### Exercise brief
Go to the line in the entries below that holds "Book cover for" and repeat exactly from there through the line that holds "Büro zu mieten", inclusive.

### Provided material
[Start of Attachment]
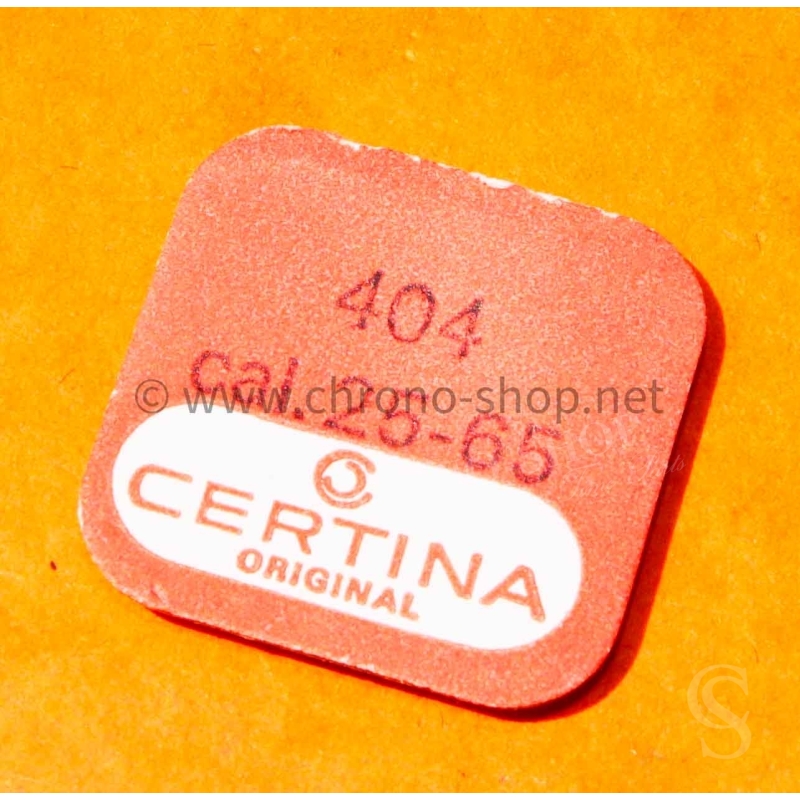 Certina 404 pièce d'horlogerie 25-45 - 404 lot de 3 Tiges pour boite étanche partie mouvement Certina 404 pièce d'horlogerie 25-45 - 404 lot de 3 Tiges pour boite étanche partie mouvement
[End of Attachment]
[Start of Attachment]
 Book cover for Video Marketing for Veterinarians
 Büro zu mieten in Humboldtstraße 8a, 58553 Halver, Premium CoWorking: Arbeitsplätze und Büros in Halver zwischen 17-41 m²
[End of Attachment]
[Start of Attachment]
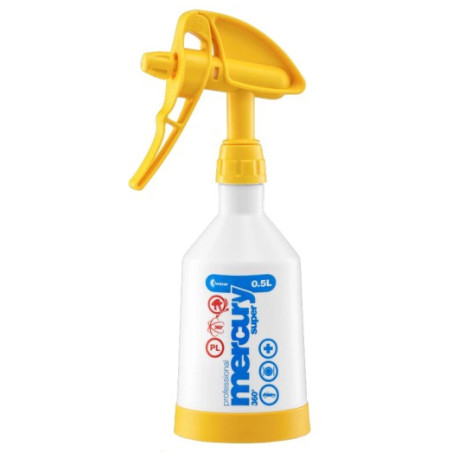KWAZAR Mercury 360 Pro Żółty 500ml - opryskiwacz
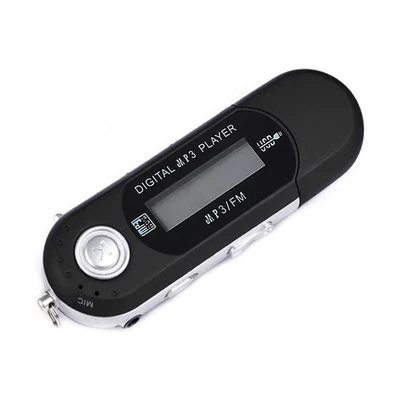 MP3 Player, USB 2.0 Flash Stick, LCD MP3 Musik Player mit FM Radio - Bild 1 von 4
[End of Attachment]
### Solution for this task
 Book cover for Video Marketing for Veterinarians
 Büro zu mieten in Humboldtstraße 8a, 58553 Halver, Premium CoWorking: Arbeitsplätze und Büros in Halver zwischen 17-41 m²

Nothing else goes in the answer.